(5 of 7)
Neat as it was, this scheme still left unanswered one more question: How could DNA or RNA choose from among 20 amino acids to produce complex proteins by using an informational system that had only four code letters—the four bases—at its disposal? An answer to this intriguing problem was suggested by Physicist George Gamow, who likened the four bases to the different suits in a deck of playing cards.
If the cards are dealt one at a time, disregarding the order of the cards within the suits, the player encounters only one of four possibilities on each draw (a heart, diamond, spade or club); clearly, if DNA's code worked this way, there would not be enough choices to encode 20 amino acids. If the cards are dealt in pairs, the number of combinations increases to 16 (since each card may combine with its own kind or one of three other suits). But such a two-unit system also would be inadequate. So Gamow reasoned that DNA's four bases had to be taken at least three at a time: this would yield 64 possible combinations (4 X 4 X 4), more than enough to code for the existing amino acids.
IN 1961, CRICK'S team at Cambridge proved Gamow's ingenious "triplet" theory. They demonstrated that RNA formed from only one or two base units could not effect the manufacture of proteins. But when they added a third base unit, protein formation began immediately. It remained, however, for an unknown young biochemist named Marshall Nirenberg, at the National Institutes of Health, to crack the code itself. That same year Nirenberg had succeeded in building up short, synthetic strands of RNA out of only one type of base. Invariably, this artificial RNA induced the manufacture of chains of proteins consisting of only one type of amino acid, phenylalanine. The conclusion was inescapable: in the genetic code, Nirenberg's triplet had to signify phenylalanine.
Using this clue as their Rosetta stone, Nirenberg and other researchers eventually found one or more three-letter code words, or codons, that could call up every single amino acid—plus other words that acted as punctuation, marking the start or completion of a message ordering the production of a protein. Even more remarkable, they learned that the code was universal: the same four letters, taken three at a time to form a single genetic word, code the same amino acids in all living things.
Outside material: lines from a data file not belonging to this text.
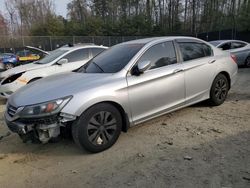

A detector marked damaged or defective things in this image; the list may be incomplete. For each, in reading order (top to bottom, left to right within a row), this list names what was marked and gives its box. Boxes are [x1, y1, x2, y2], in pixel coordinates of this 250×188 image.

cracked headlight [19, 97, 72, 117]
damaged front bumper [4, 111, 76, 143]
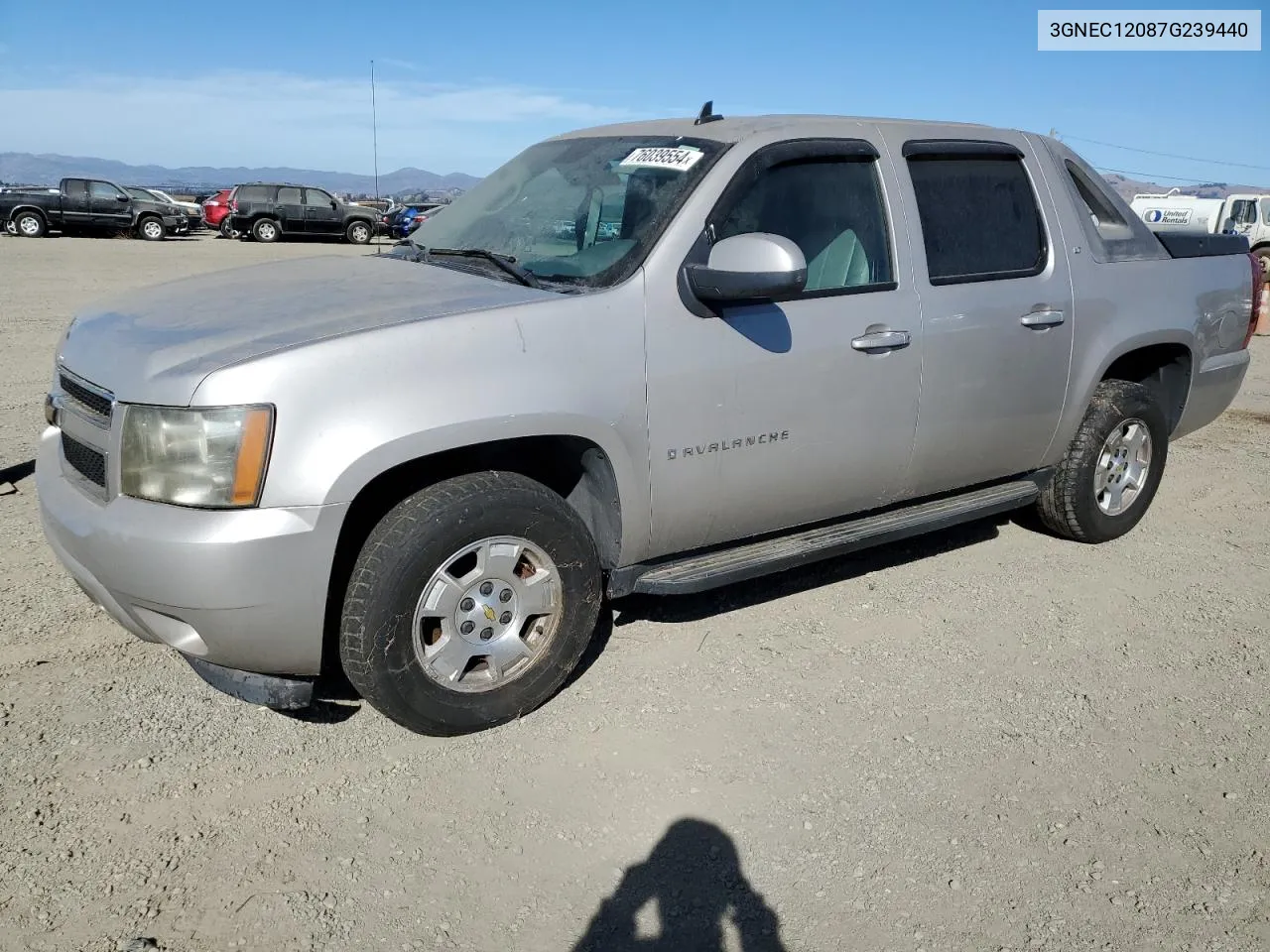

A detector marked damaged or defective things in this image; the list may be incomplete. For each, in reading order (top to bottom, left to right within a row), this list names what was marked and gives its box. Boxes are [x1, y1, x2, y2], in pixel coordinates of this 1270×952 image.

cracked windshield [409, 134, 722, 284]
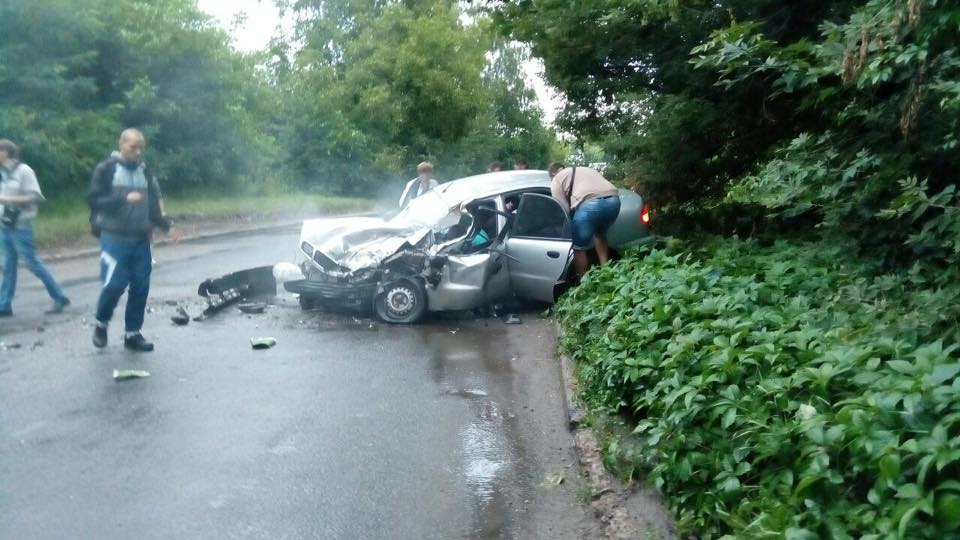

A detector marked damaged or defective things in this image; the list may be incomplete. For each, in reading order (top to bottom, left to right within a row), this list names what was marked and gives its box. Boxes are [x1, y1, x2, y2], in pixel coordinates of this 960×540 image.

crashed car [280, 170, 652, 320]
detached bumper piece [197, 266, 276, 318]
detached bumper piece [284, 278, 376, 308]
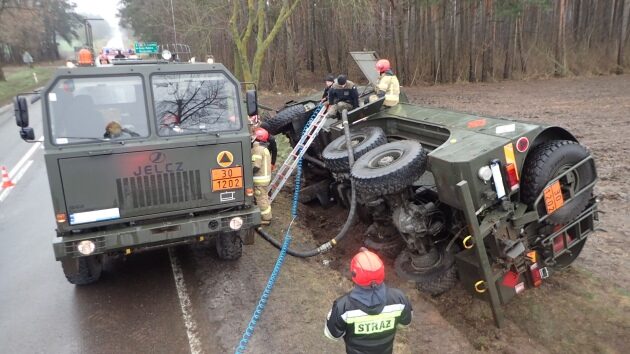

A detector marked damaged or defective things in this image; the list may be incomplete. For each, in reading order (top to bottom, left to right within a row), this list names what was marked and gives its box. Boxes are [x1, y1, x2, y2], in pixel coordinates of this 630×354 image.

exposed tire [262, 103, 308, 136]
exposed tire [324, 126, 388, 172]
exposed tire [350, 140, 430, 196]
overturned military truck [264, 51, 600, 324]
exposed tire [520, 139, 596, 224]
exposed tire [62, 254, 103, 284]
exposed tire [216, 232, 243, 260]
exposed tire [398, 249, 456, 296]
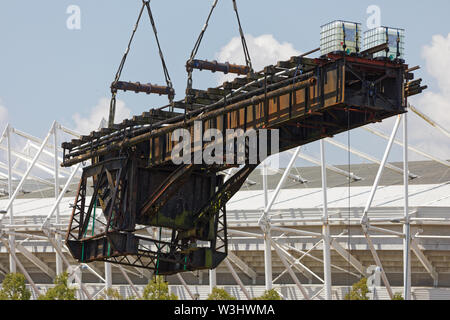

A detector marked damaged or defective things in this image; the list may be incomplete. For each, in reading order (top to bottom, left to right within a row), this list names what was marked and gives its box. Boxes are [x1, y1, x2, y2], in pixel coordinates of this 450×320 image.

rusty steel bridge section [60, 52, 426, 276]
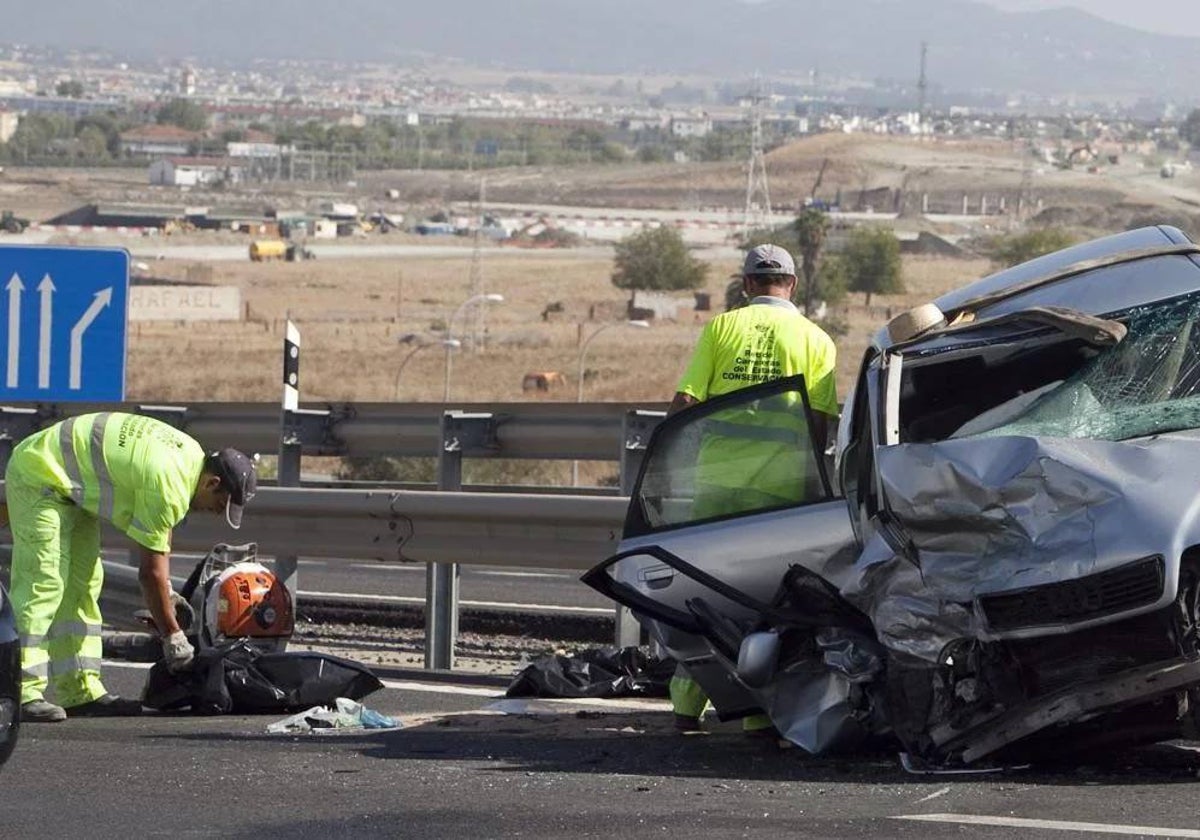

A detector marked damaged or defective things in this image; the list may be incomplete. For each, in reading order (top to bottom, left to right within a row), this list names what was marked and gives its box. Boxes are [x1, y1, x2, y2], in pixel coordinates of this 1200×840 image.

wrecked silver car [580, 223, 1200, 768]
shattered windshield [955, 294, 1200, 439]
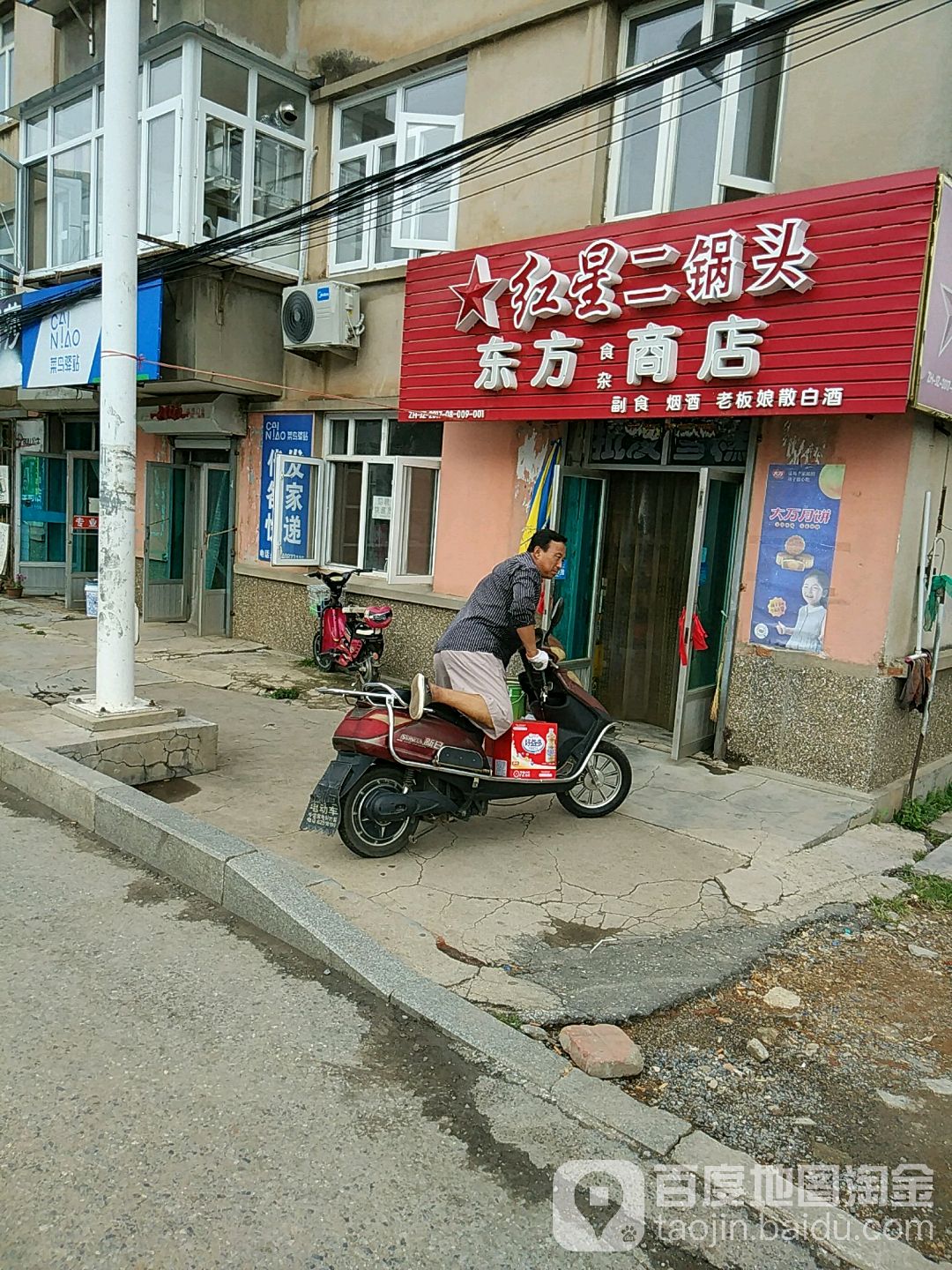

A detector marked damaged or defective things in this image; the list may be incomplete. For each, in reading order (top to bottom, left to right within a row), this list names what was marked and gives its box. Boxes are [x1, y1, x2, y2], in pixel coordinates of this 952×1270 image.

cracked pavement [0, 599, 924, 1026]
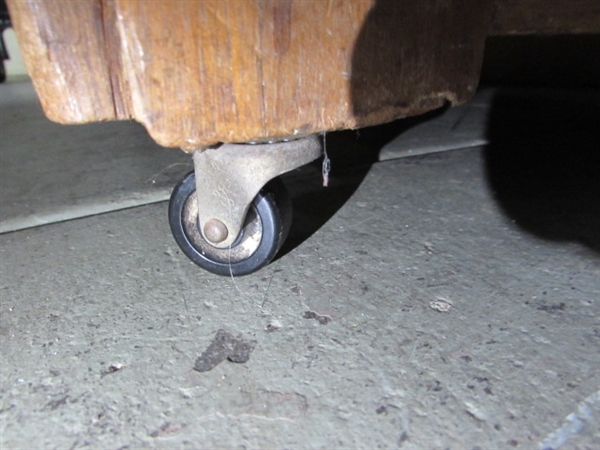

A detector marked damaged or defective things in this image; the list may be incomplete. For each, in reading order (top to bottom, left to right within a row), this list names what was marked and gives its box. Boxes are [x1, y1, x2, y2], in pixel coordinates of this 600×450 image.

rusty caster wheel [169, 171, 292, 276]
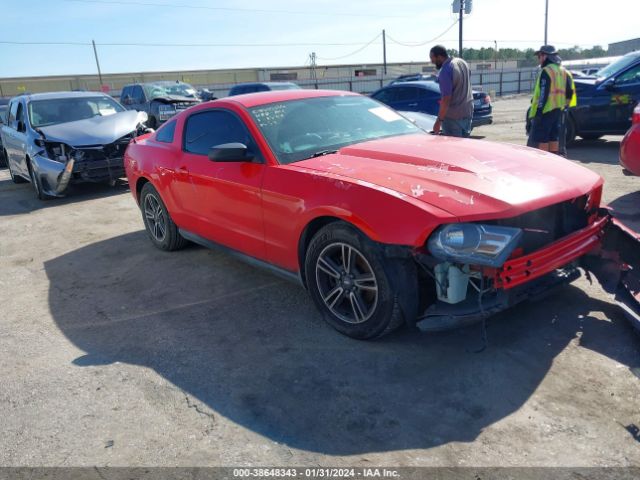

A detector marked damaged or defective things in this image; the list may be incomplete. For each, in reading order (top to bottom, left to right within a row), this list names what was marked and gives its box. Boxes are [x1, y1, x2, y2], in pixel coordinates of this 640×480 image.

car with crushed front [1, 92, 149, 199]
silver damaged car [1, 92, 149, 199]
crumpled hood [38, 111, 146, 147]
car with crushed front [122, 89, 636, 338]
crumpled hood [296, 133, 604, 219]
damaged front bumper [416, 209, 640, 330]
Thus by the mid-1960s, scientists finally understood how DNA passes on genetic information with exquisite precision, and the way it orders up the fabrication of new cellular protein.
That process, shown in the accompanying color chart, was summarized by Crick in a series of rules that became known as the Central Dogma. Most scientists interpreted the key rule of that dogma to be that genetic information flowed in one direction: from DNA to RNA to protein. To the surprise of many molecular biologists, however, it has recently been shown that part of the process can sometimes be reversed. This finding, in the opinion of molecular biologists like Columbia's Sol Spiegelman, may offer an important clue to the workings of cancer cells (see box, page 44).